■ **WHAT IS EXPECTED**
Without the pictures, write out all the lines below exactly as they appear.

■ **INFORMATION PROVIDED**

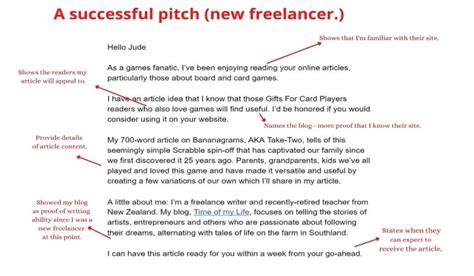 Freelance Pitch Examples How To Write The Perfect Pitch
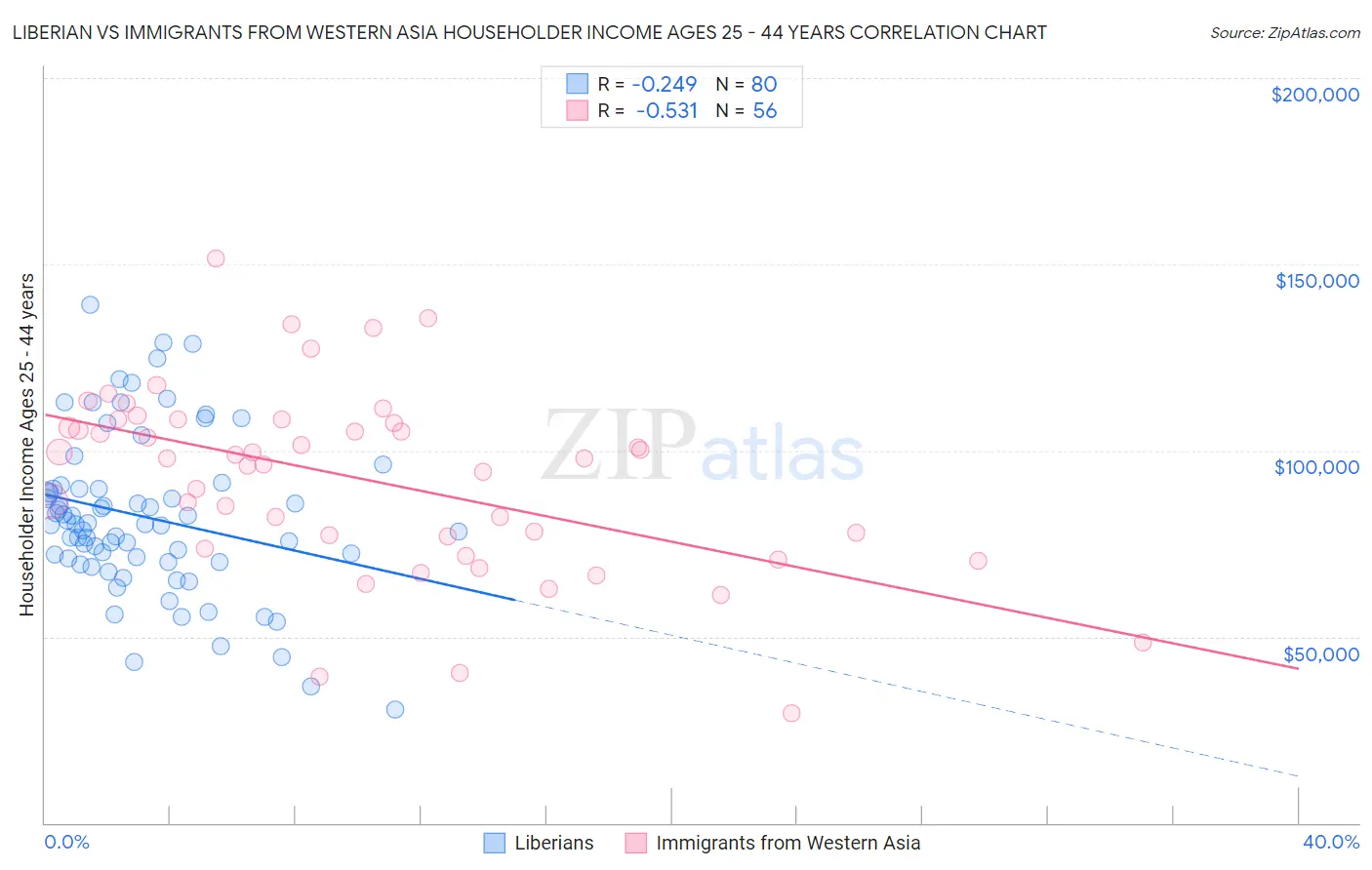 Liberian vs Immigrants from Western Asia Householder Income Ages 25 - 44 years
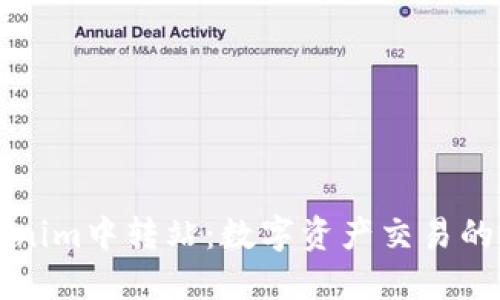 了解Tokenim中转站：数字资产交易的便捷通道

■ **YOUR SOLUTION**
 Freelance Pitch Examples How To Write The Perfect Pitch
 Liberian vs Immigrants from Western Asia Householder Income Ages 25 - 44 years
 了解Tokenim中转站：数字资产交易的便捷通道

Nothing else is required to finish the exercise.